Information Retrieval: Implementing and Evaluating Search
Engines by Stefan Büttcher, Charles L.A. Clarke, and Gordon V.
Cormack. Includes very in-depth discussion of data structures and algorithms
Natural Language Processing with Python: Analyzing Text
Steven Bird, Ewan Klein, and Edward Loper, O'Reilly Pubs., 2009.
Note: The online version is current. The print version (2009) is out of date;
It uses an outmoded form of Python, discusses a functionality (babelize) that
stopped working with BabelFish was discontinued, etc.
List of course topics:
We will discuss the design of a Web search engine and the extraction of
information off the Web. Topics include
- Web crawlers.
- Relevance ranking
- Document Similarity and Clustering
- The "invisible" Web
- Natural Language Processing
- Web content mining
- Web usage mining
- Business model: Pricing advertizing
- Multi-media retrieval.
- Multilingual retrieval.
Problem sets (20%)
Programming assignments (15%)
Final exam (40%)
Problem set 1 Due Feb. 6
Programming Assignment 1 Due Feb. 13
Problem set 2 Due Feb. 27
Programming Assignment 2 Due Mar. 6
Problem set 3 Due Mar. 20
Programming Assignment 3 Due Apr. 3
Problem set 4 Due Apr. 3
Course Project Due May 1.
Submitting problem sets: Homeworks should be uploaded to the NYU
Classes site in either Word or PDF. Please do not handwrite your assignments,
scan them, and upload them.
Submitting programming assignments: Source code should be uploaded
to the NYU Classes site. If there is anything at all non-obvious about how to
run it, then a README file should be submitted as well.
Late policy: Problem sets and programming assignments are due
at the start of class on their due date.
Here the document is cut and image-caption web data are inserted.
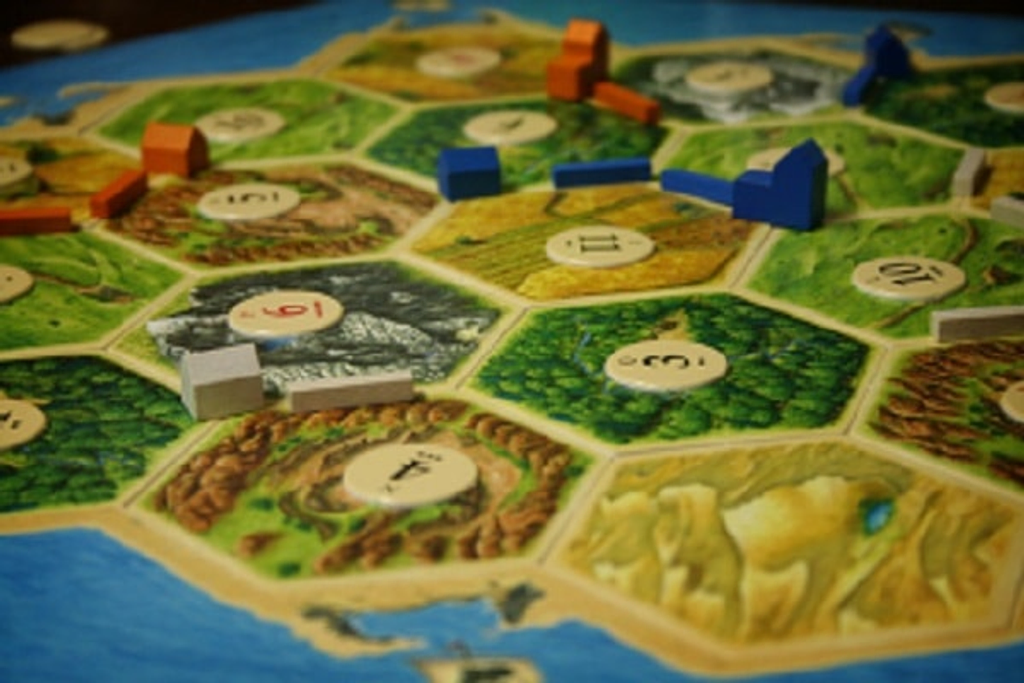 Catan Basic Board Game. Different cardboard islands and game parts shown. Affordable rental with BIYU.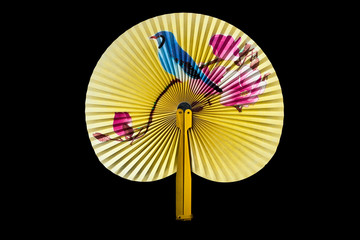 Closeup of Traditional Chinese fan on black background.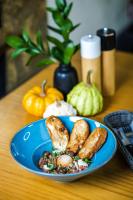 a blue plate of food with bread and vegetables on a table at Eco Nieborów in Nieborów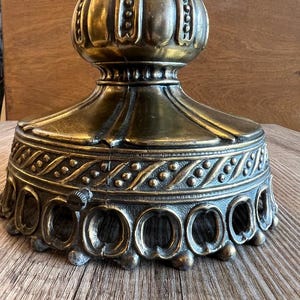 May include: Close-up of an antique brass lamp base. The base features ornate detailing, including a decorative band with small circles and a series of openwork arches. The top portion has a bulbous shape with vertical ridges. The finish has a vintage, aged appearance.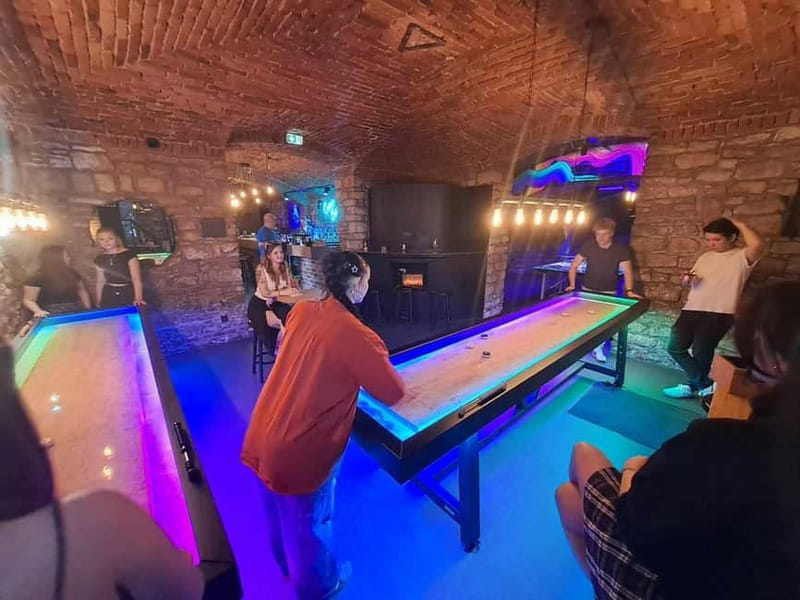 Crew Bar Prague: Open bar, ping pong or shuffleboard game - Your 60 Minutes: UV Ping Pong or Shuffleboard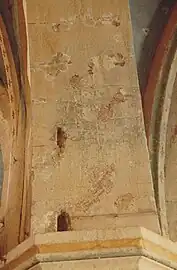 Premiers sondages archéologiques dans la couche d'enduit du XIXe siècle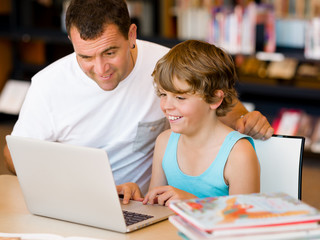 Little boy and his father with laptop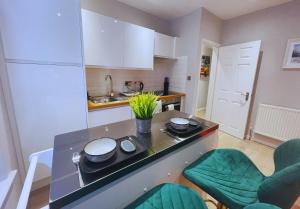a kitchen with a counter with pots and pans on it at Bristol City Stays - Harbourside Apartments in Bristol +8 photos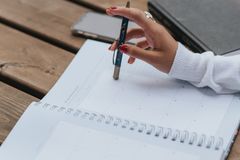 From above of crop anonymous ethnic female entrepreneur with pen and notebook working at wooden table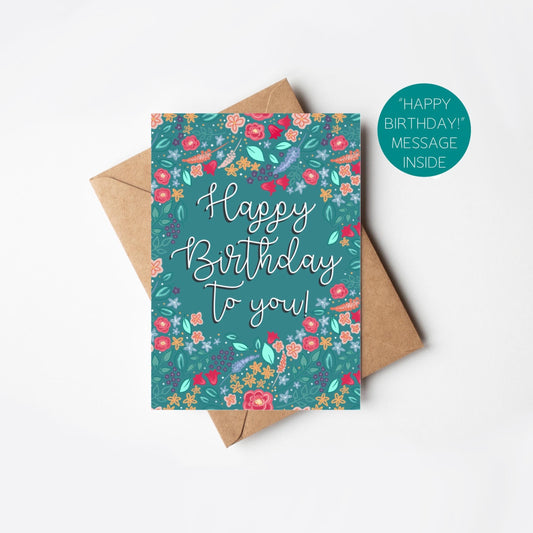 Birthday card with floral design and 'Happy Birthday to you!' text, accompanied by a brown envelope on a white background.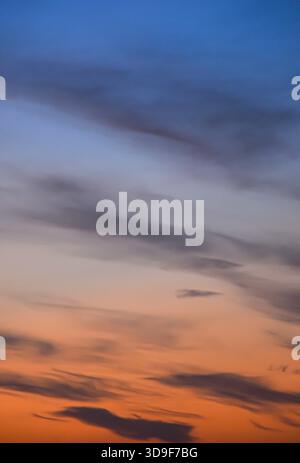 Un coucher de soleil éclatant transforme le ciel avec des couleurs éclatantes, mettant en évidence les nuages doux dans une scène apaisante de fin d'après-midi pleine d'atmosphère. Banque D'Images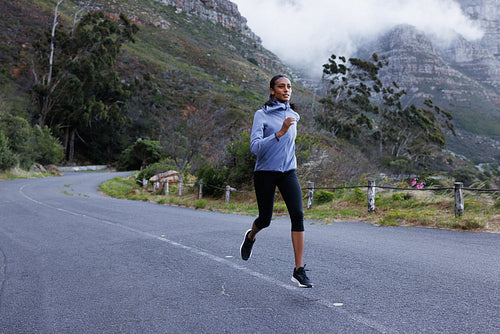 Full length of a slim female athlete running on an abandoned road. Woman in fitness attire jogging on the road in the mountains.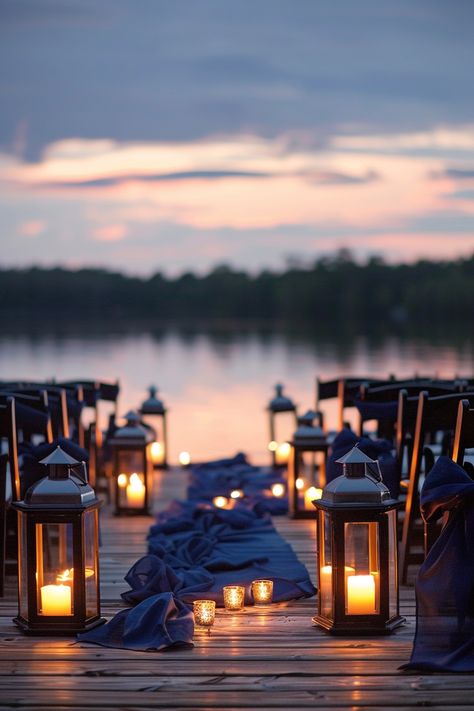 Dive into the romance of a lakeside wedding as dusk sets in 🌅. Envision serene waters, a pier adorned with glowing lanterns, and the allure of a symmetrical sea of chairs with chic navy sashes. Your dreamy nuptials await amidst nature's grandeur. ✨ #WeddingInspiration #LakesideWedding #TwilightWedding #OutdoorWedding #ElegantDecor #NavyBlueWedding #WeddingChairs #WeddingPlanning Over The Water Wedding, Lake Dock Wedding Ceremony, Lakeside Elopement, Dockside Wedding, Dock Wedding, Twilight Wedding, Lake Dock, Woodsy Wedding, Water Wedding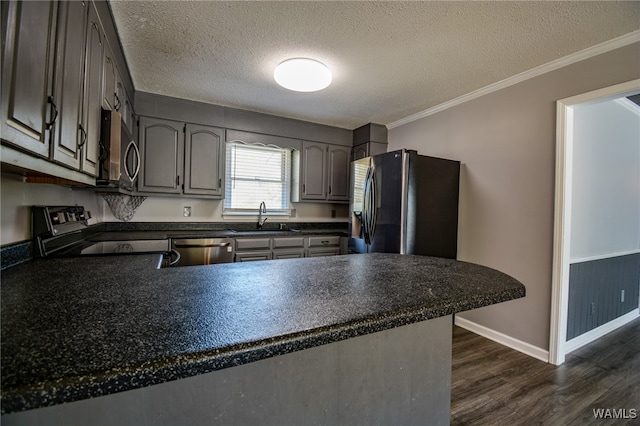 kitchen featuring sink, stainless steel appliances, dark hardwood / wood-style floors, kitchen peninsula, and a textured ceiling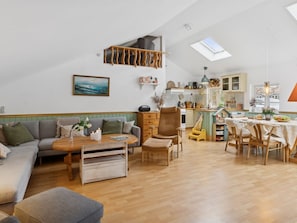 Un espacio habitable estilo loft con techo alto, comedor y cocina.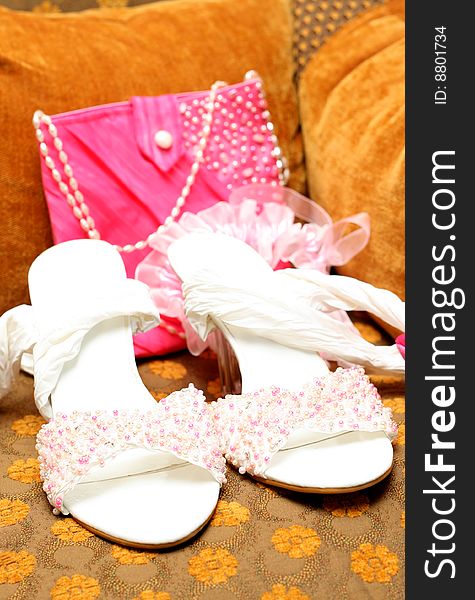 White bridal shoes adorned with pink, white and silver beads with a pink bag and garter in the background lying on brown chair. White bridal shoes adorned with pink, white and silver beads with a pink bag and garter in the background lying on brown chair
Problem sets will be accepted up
to 1 week late, with a penalty of 1 point out of 10. Programming assignments
will be accepted up to 2 weeks late, with a penalty of 1 point out of 10 for
each week late (rounding up).
Class email list
You should be automatically subscribed to the
class email list.
Students with Disabilities
Academic accommodations are available for students with disabilities.
Please contact the Moses Center for Students with Disabilities (212-998-4980
or email@example.com) for further information. Students who are requesting
academic accommodations are advised to reach out to the Moses Center
as early as possible in the semester for assistance.
You may discuss any of the assignments with your classmates (or anyone else)
but all work for all assignments must be
entirely your own. Any sharing or copying of assignments will be
considered cheating. By the rules of the Graduate School of Arts and Science,
I am required to report any incidents of cheating to the department.
My policy is that the first incident of cheating will result in the
student getting a grade of F for the course.
The second incident, by GSAS rules, will result
in expulsion from the University.